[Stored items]
....

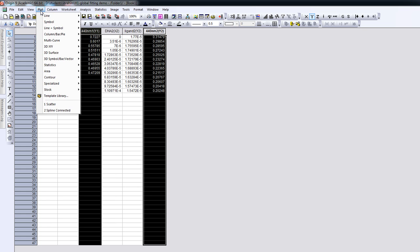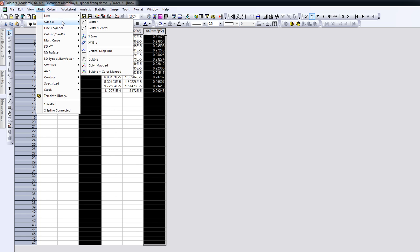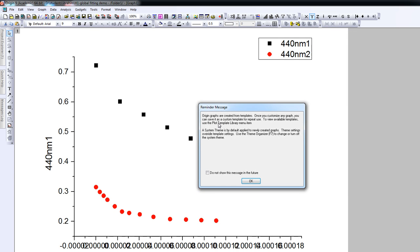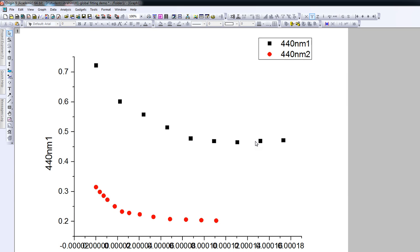So we go to the plot. We want a scatter plot, so we press scatter. And what we get, apart from this message, is the plot of the absorbance at 440 nanometers as a function of DNA concentration. We'll edit the axes later so that they actually show what we want them to show.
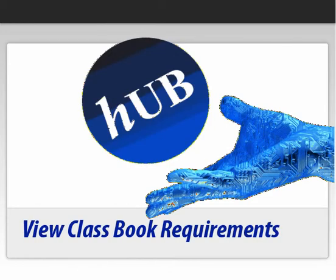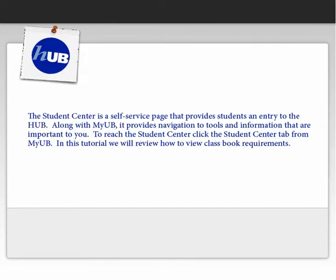Hub: View Class Book Requirements. The Student Center is a self-service page that provides students an entry to Hub. Along with MyUB, it provides navigation to tools and information that are important to you. To reach the Student Center, click the Student Center tab from MyUB.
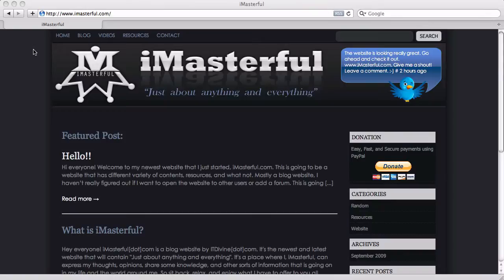So go to that website and you can totally see what I've been up to and what's coming up and everything like that. So go check it out. Thanks for watching and I'll see you guys soon.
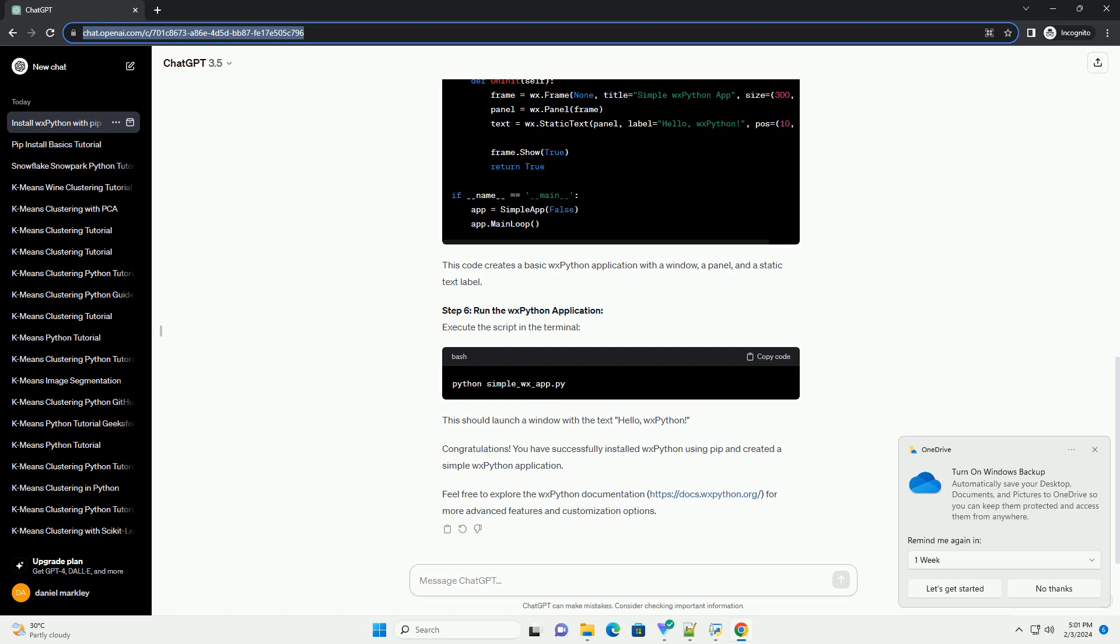Step 6: Run the WXPython application. Execute the script in the terminal. This should launch a window with the text Hello, WXPython. Congratulations!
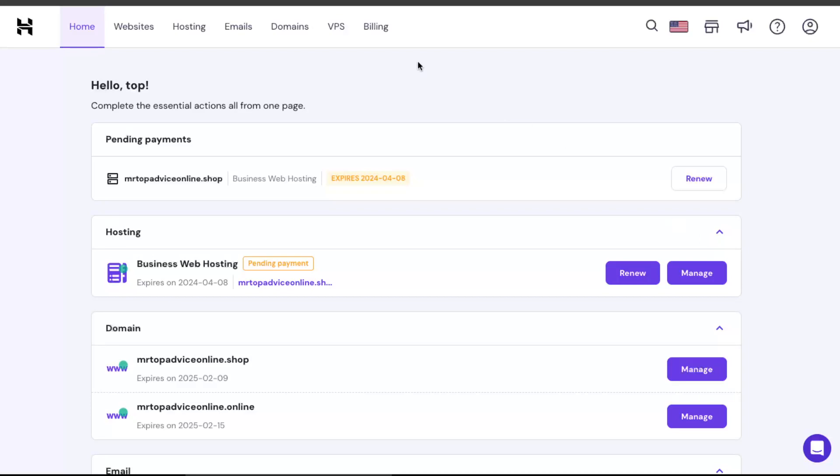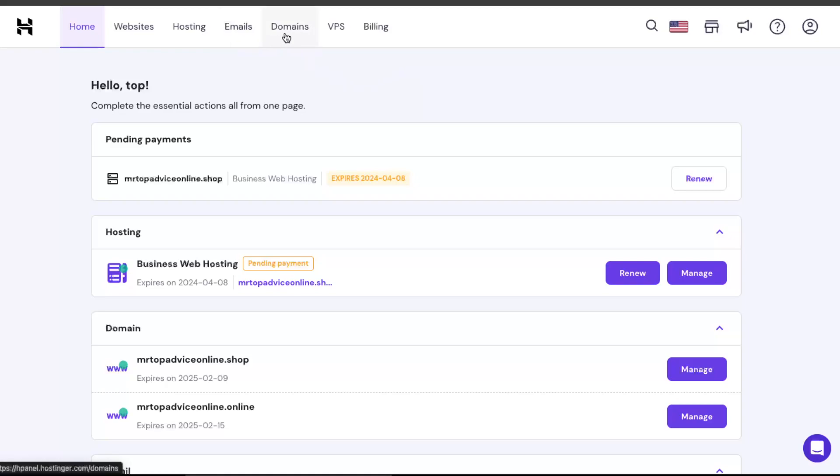What you want to do is go to your Hostinger and click on domains right here. Then you want to choose the domain which you want to redirect.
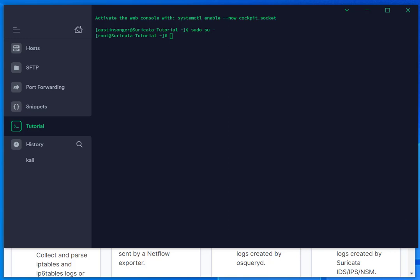For this video, I will be installing Suricata and Elastic SIEM's Filebeat on a CentOS VM and going to show you how to ship the Suricata logs from CentOS to Elastic SIEM.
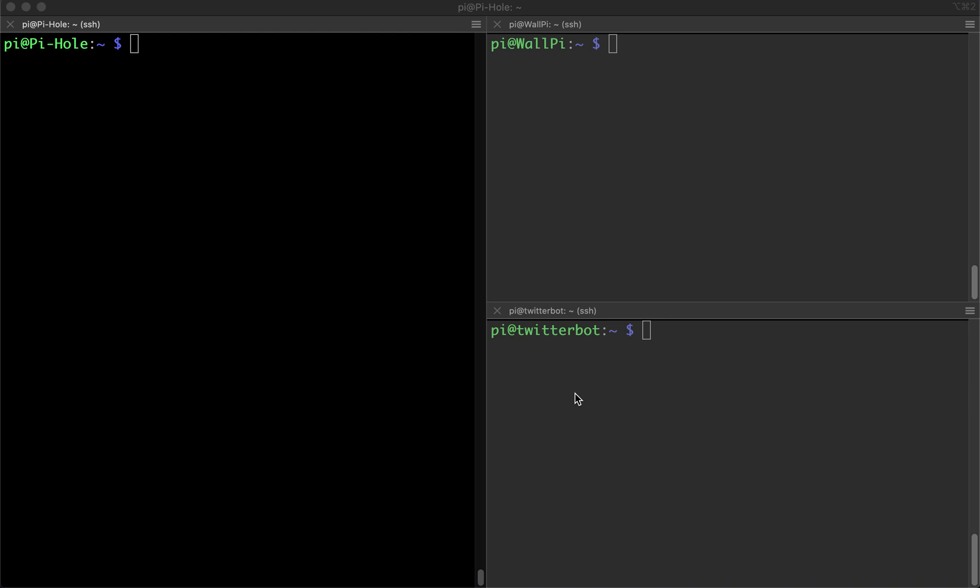Hi guy here. I'm going to show you a little trick with this terminal software called iTerm2. It's for the Mac OS and I believe it's only for the Mac as far as I can remember.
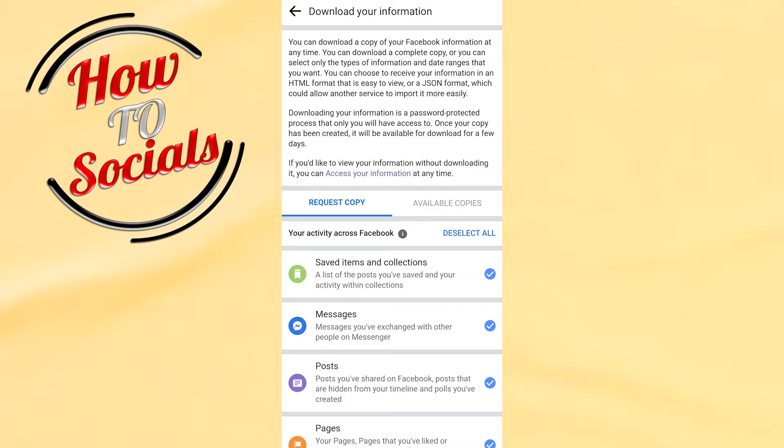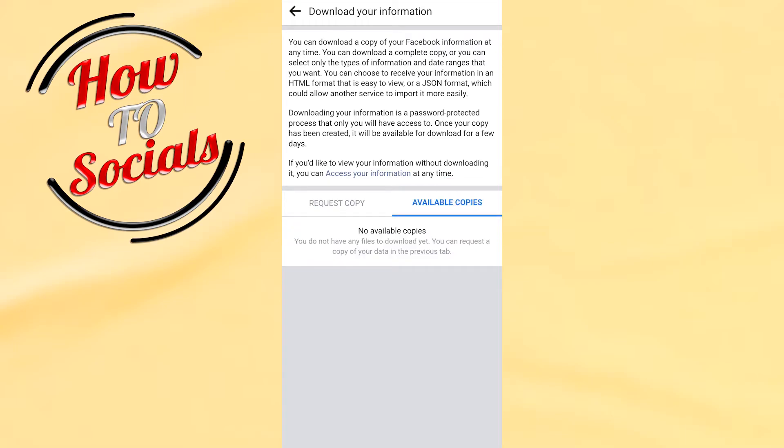Now you have an option to request a copy, or if you have requested and you got that copy, it is available. Now as you can see, there are no available copies, which means I need to go to Request Copy.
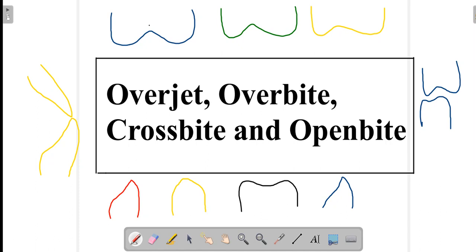Hello everyone, welcome to Boundless Dentistry. In this video we'll talk about what is overjet, overbite, crossbite and open bite. We'll discuss the definitions of these four, the causes, as well as treatment options particularly for crossbite and open bite, which are quite disturbing to the patient not only aesthetically but functionally as well. So let's get started.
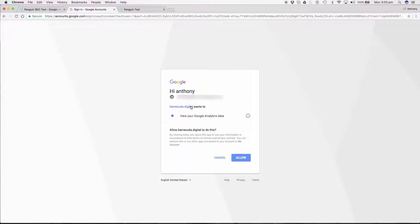Next we need to allow Penguin to connect with your GA data so just click the blue allow button.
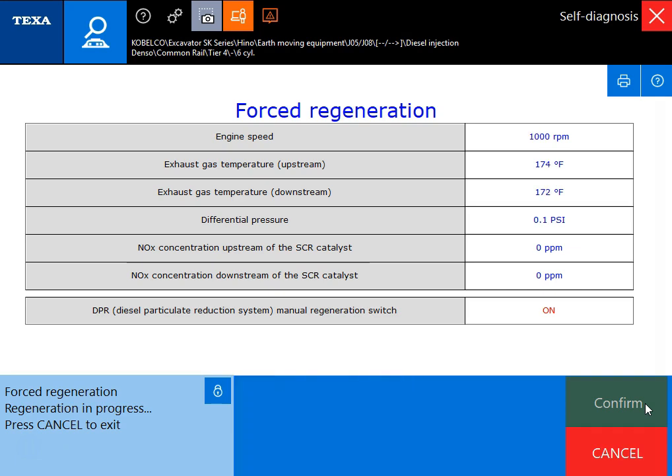Now of course we're not going to sit here for the whole regen but just wanted to show you guys some of the functionality on this tool with this excavator. Alright, thanks for watching.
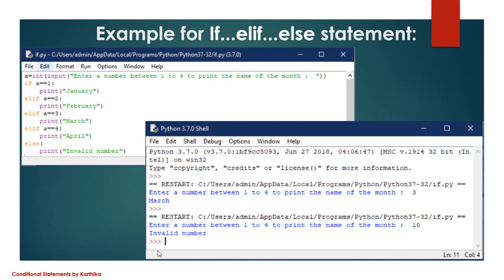So I think the conditional statements are clear. These conditional statements are the same in all programming languages — not only in Python. Only the punctuation marks in the syntax vary from language to language. If you have any doubts, you can put them in the comment box. Happy learning!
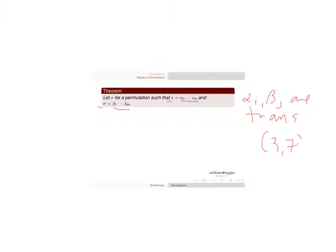in two different ways, where the alpha i and beta j are transpositions. So they're of the form like 3-7. They just swap two elements.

....

Copy all the records above exactly, but leave out the pictures.

So we go to the plot. We want a scatter plot, so we press scatter. And what we get, apart from this message, is the plot of the absorbance at 440 nanometers as a function of DNA concentration. We'll edit the axes later so that they actually show what we want them to show.
Hub: View Class Book Requirements. The Student Center is a self-service page that provides students an entry to Hub. Along with MyUB, it provides navigation to tools and information that are important to you. To reach the Student Center, click the Student Center tab from MyUB.
So go to that website and you can totally see what I've been up to and what's coming up and everything like that. So go check it out. Thanks for watching and I'll see you guys soon.
Step 6: Run the WXPython application. Execute the script in the terminal. This should launch a window with the text Hello, WXPython. Congratulations!
What you want to do is go to your Hostinger and click on domains right here. Then you want to choose the domain which you want to redirect.
For this video, I will be installing Suricata and Elastic SIEM's Filebeat on a CentOS VM and going to show you how to ship the Suricata logs from CentOS to Elastic SIEM.
Hi guy here. I'm going to show you a little trick with this terminal software called iTerm2. It's for the Mac OS and I believe it's only for the Mac as far as I can remember.
Now you have an option to request a copy, or if you have requested and you got that copy, it is available. Now as you can see, there are no available copies, which means I need to go to Request Copy.
Hello everyone, welcome to Boundless Dentistry. In this video we'll talk about what is overjet, overbite, crossbite and open bite. We'll discuss the definitions of these four, the causes, as well as treatment options particularly for crossbite and open bite, which are quite disturbing to the patient not only aesthetically but functionally as well. So let's get started.
Next we need to allow Penguin to connect with your GA data so just click the blue allow button.
Now of course we're not going to sit here for the whole regen but just wanted to show you guys some of the functionality on this tool with this excavator. Alright, thanks for watching.
So I think the conditional statements are clear. These conditional statements are the same in all programming languages — not only in Python. Only the punctuation marks in the syntax vary from language to language. If you have any doubts, you can put them in the comment box. Happy learning!
in two different ways, where the alpha i and beta j are transpositions. So they're of the form like 3-7. They just swap two elements.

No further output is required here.